Make it possible to Import IIIF collections
Abbe98 opened this issue · 13 comments
IIIF and the IIIF Presentation API are used by many GLAM institutions and the ability to import records IIIF Collections would greatly reusers who wish to clean GLAM data or users of the Commons extension.
Proposed solution
Given the collection root URL, an importer would traverse its content and fetch data from the various IIIF manifests in it.
Additional context
Thanks @Abbe98 this sounds like a really interesting use case. I can definitely see how we might have some specific tools/functions to support IIIF but I'm less sure what these might look like in reality.

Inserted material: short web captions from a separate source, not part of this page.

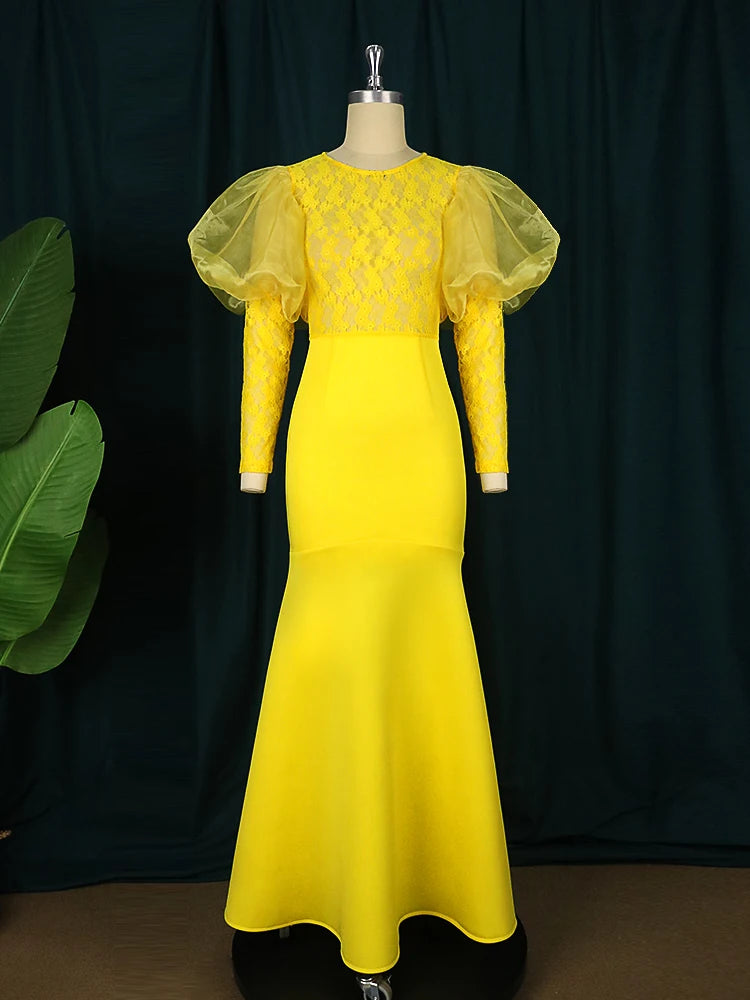 Women Long Wedding Evening Dresses See Through Lace Long Sleeve Mermaid Floor Length Maxi Gowns Large Size Celebrity Night Out SHOWLU FASHION STORE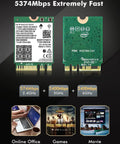 Tri Band WiFi 6E Network Card With AX210 NGW Bluetooth 5.3 For Laptop Upgrade Fast 6GHz 5GHz And 2 4GHz Speeds Plug And Play Windows 10 11 64 Bit M2 NGFF High Speed Wireless Adapter showing card front and back with speed ratings and usage icons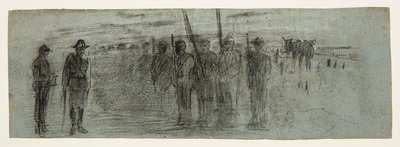 Officier en assistent inspecteren een squadron door Winslow Homer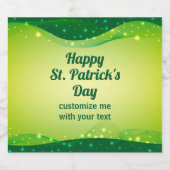 Eigen Happy St. Patrick's Day Green Sparkle Party Bier Etiket (Enkel label)
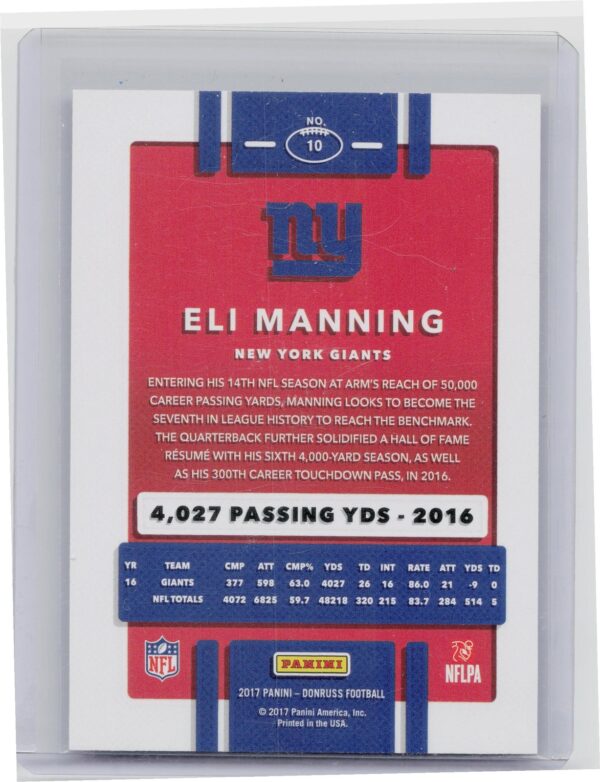 2017 Donruss Eli Manning Stat Line Season /400 #10 Giants - Image 3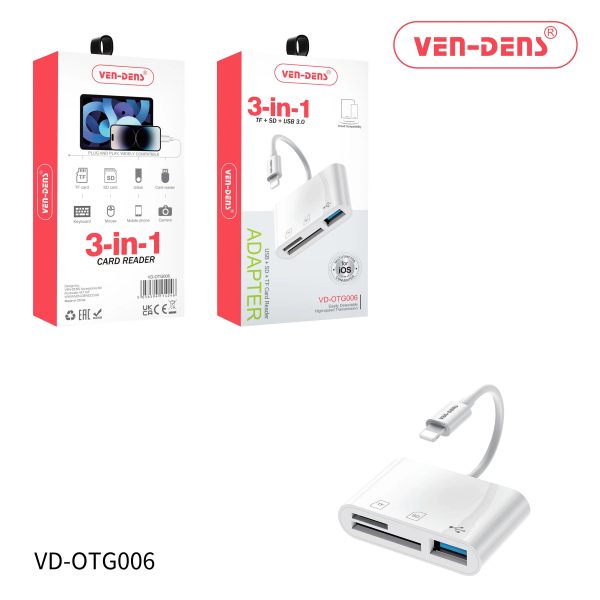 Lightning (iphone) 3 in 1 Card Reader Adapter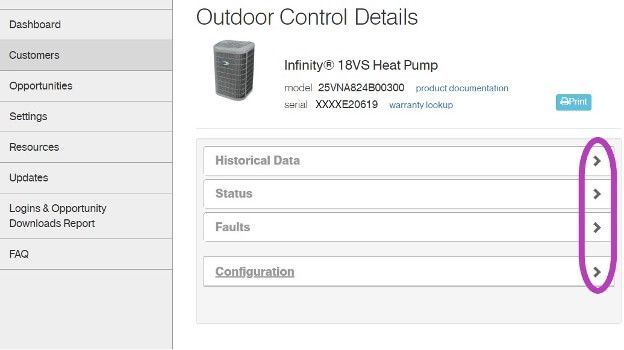 Web dashboard showing “Outdoor Control Details” with collapsible sections and a purple-highlighted right sidebar arrows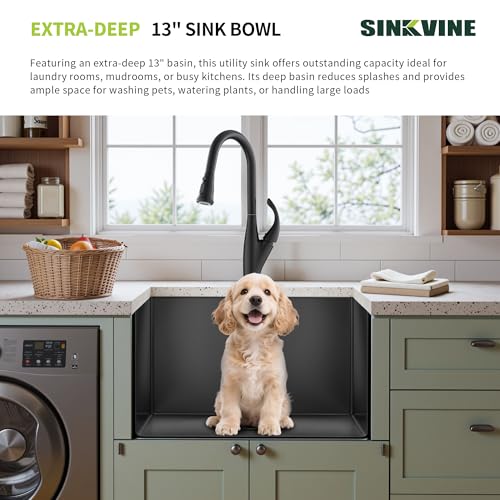 Image of 24-inch Black Undermount Laundry Utility Sink, Stainless Steel | 24x19x13 Extra Deep Single Bowl for Laundry, Garage and Outdoor Kitchen with Grid, Strainer and Drying Rack, Nano PVD Finish
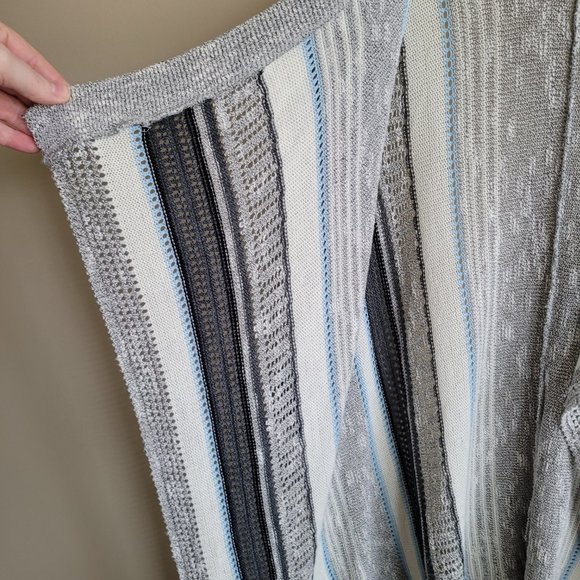 Altar'd State Womens Cardigan Sweater Size Large Waterfall Front Knit Stripes - Picture 4 of 7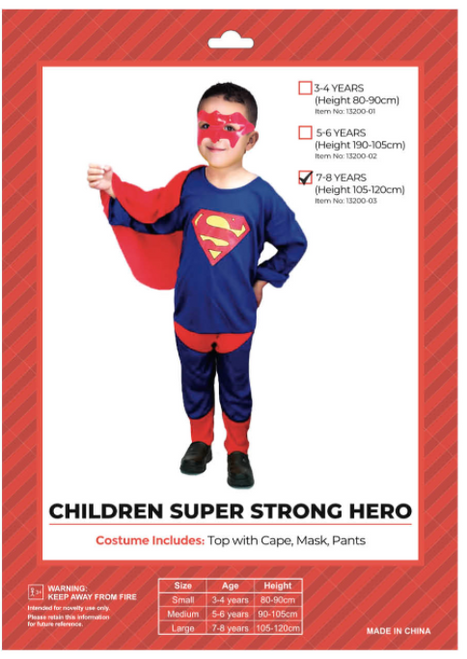 Children Superman Costume (002)(L)(7-8 years)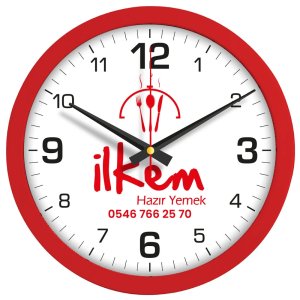 V30-334-K Kırmızı Plastik Duvar Saati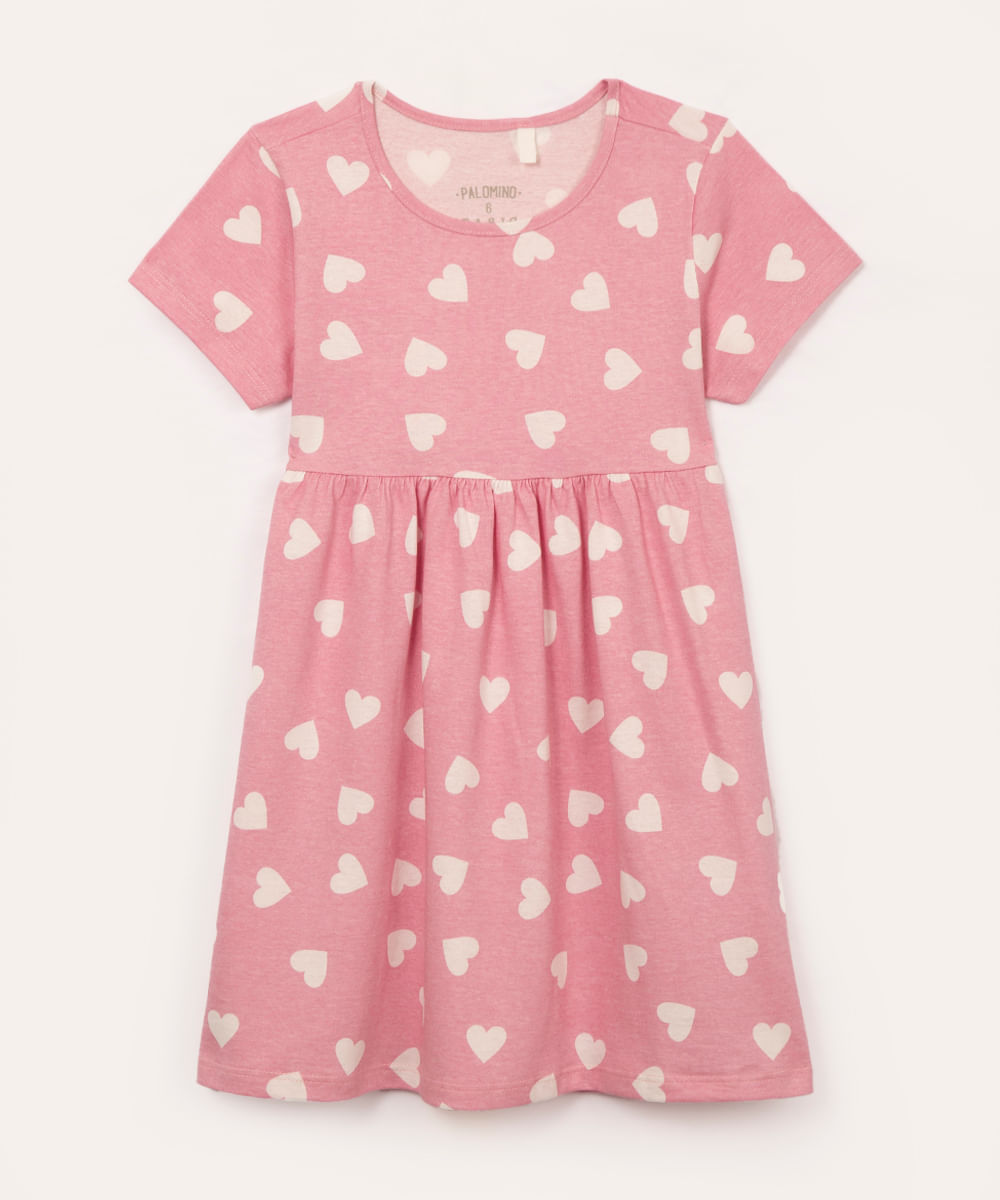 vestido de algodão infantil corações rosa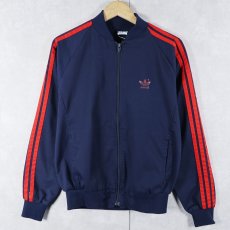画像1: 80's adidas ロゴ刺繍 ポリエステル×コットン トラックジャケット NAVY M (1)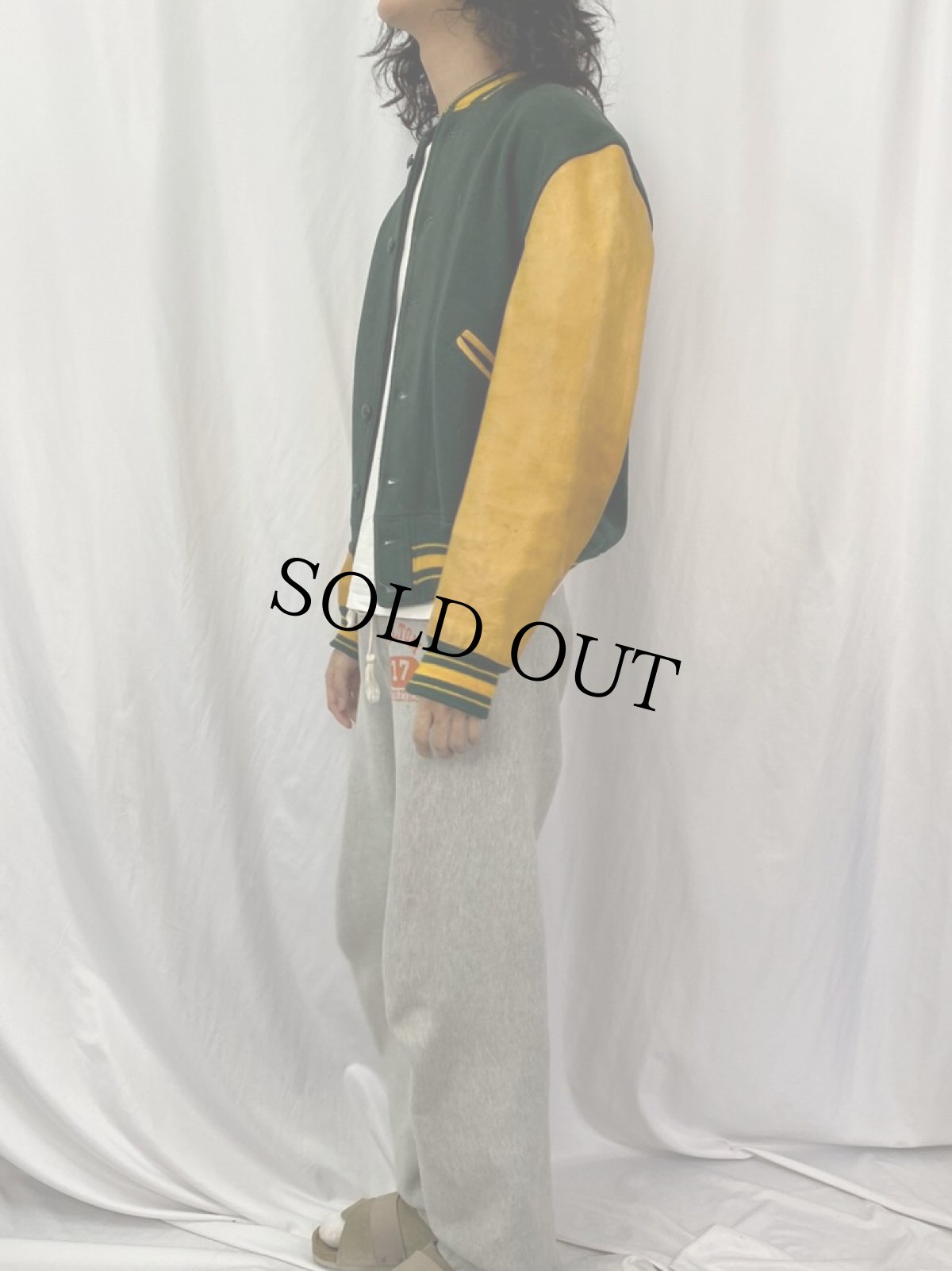 画像3: 50's BUTWIN レザー×メルトン ボタンスタジャン SIZE40 (3)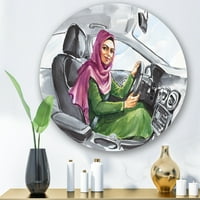 DesignArt 'Arapska dama koja vozi automobil II' Moderni krug metal zidne umjetnosti - disk od 23 godine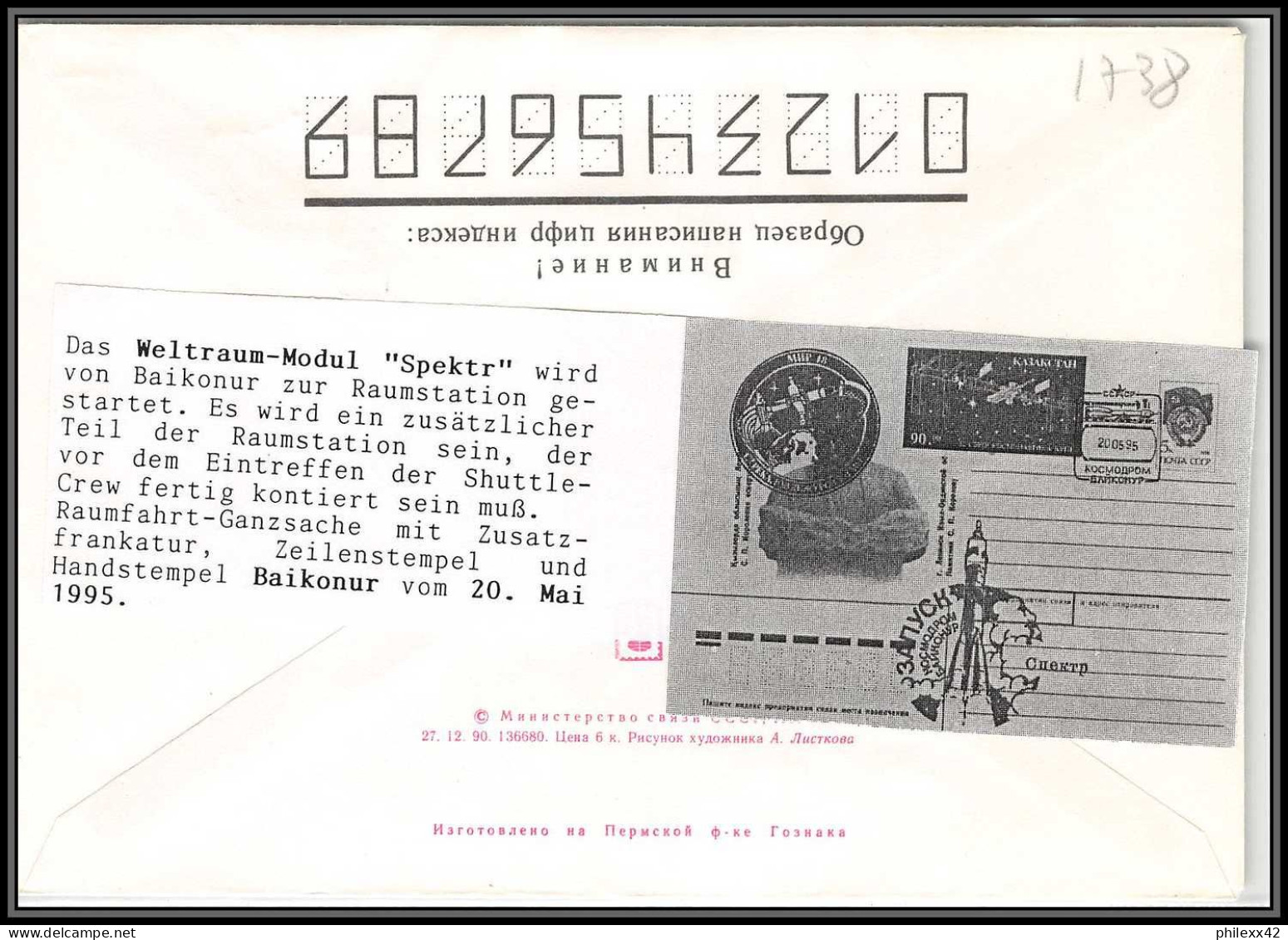 1738 Espace (space Raumfahrt) Entier Postal (Stamped Stationery) Kazakhstan 20/5/1995 Mir Soyuz (soyouz) Module Sepktr - Asia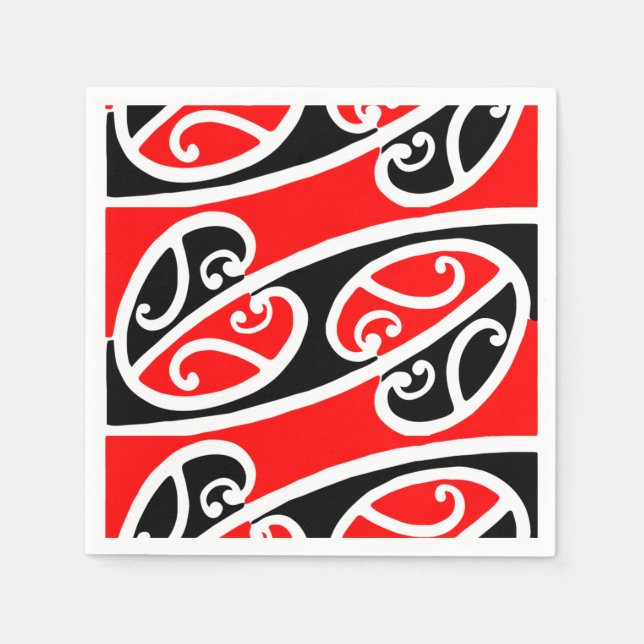 Maori Kowhaiwhai Mönster 2 Pappersservett (Framsidan)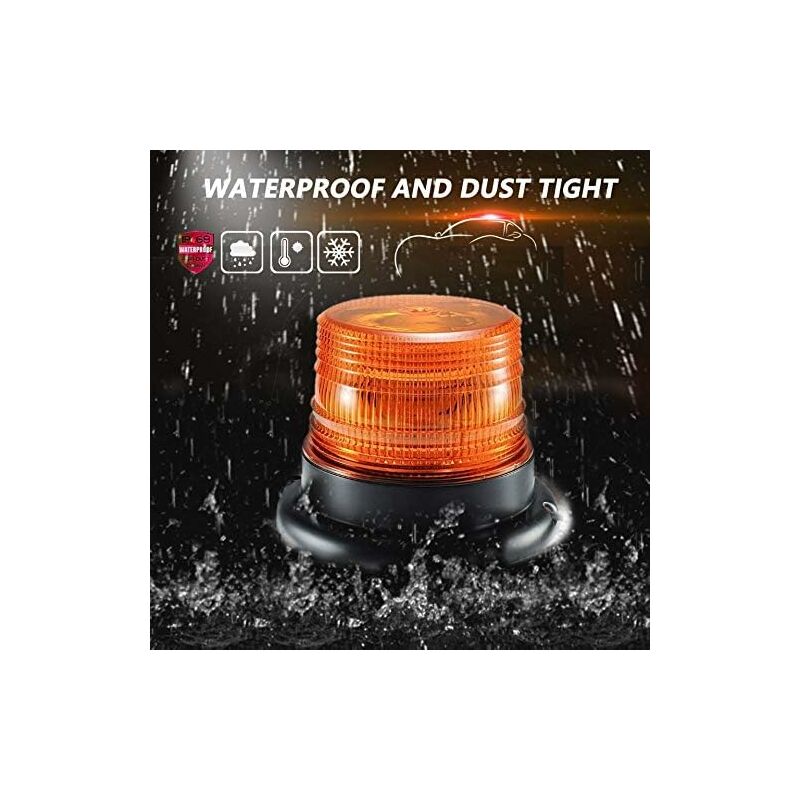 Gyrophare LED 12V/24V Avec Aimant - 72 LED Jaunes, 6 Modes, Câble 5m - Pour Camion, SUV, Voiture - 7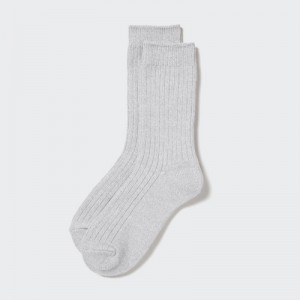 Women Uniqlo HEATTECH Ribbed Socks Grey | 4482764
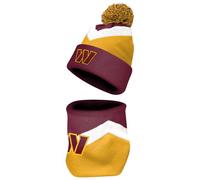 FOCO NFL Unisex-Adult Officially Licensed Primary Logo Team Color 2 Pack Neck Warmer Gaiter and Cuffed Knit Beanie Hat Set, Washington Commanders, One size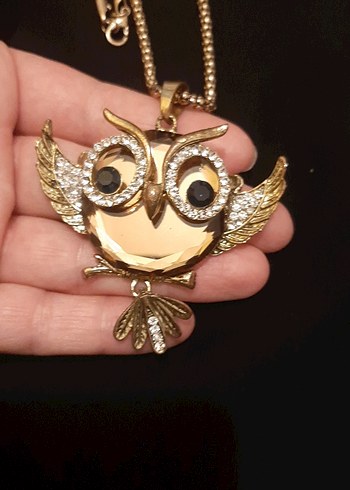 Uzun Zincirli Altın Baykuş Kolye - Görsel 2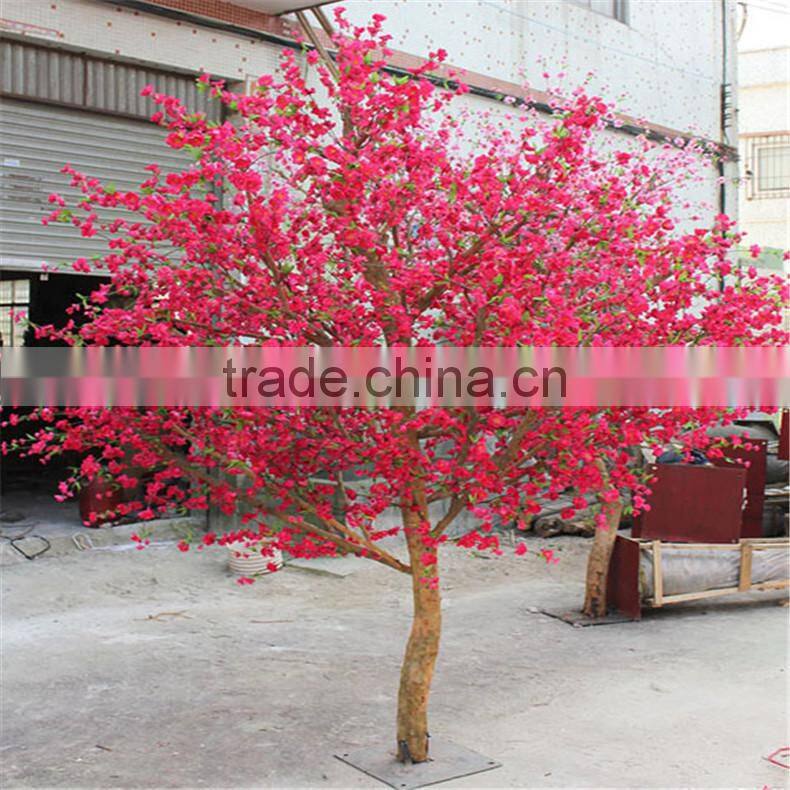 SJZJN 315 High Imitation Rose Colour Artificial peach Blossom Tree /Fake Peach Blossom Tree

Working from the start, could you say a bit more about how you'd see this working? For example the example collection you have posted, contains a set of further collections, which contain a mixture of more collections and manifests. What would the resulting OpenRefine project look like? What might be a typical data cleaning task within the resulting project?
I would intuitively keep this issue in the CommonsExtension repository unless there are things OpenRefine's side that need to be changed for such an importer to be implemented there.
For example the example collection you have posted, contains a set of further collections, which contain a mixture of more collections and manifests.
@ostephens in my opinion, it would only fetch the data in manifests and each manifest would become a record, as one manifest is generally representing a single media file.
would intuitively keep this issue in the CommonsExtension repository unless there are things OpenRefine's side that need to be changed for such an importer to be implemented there.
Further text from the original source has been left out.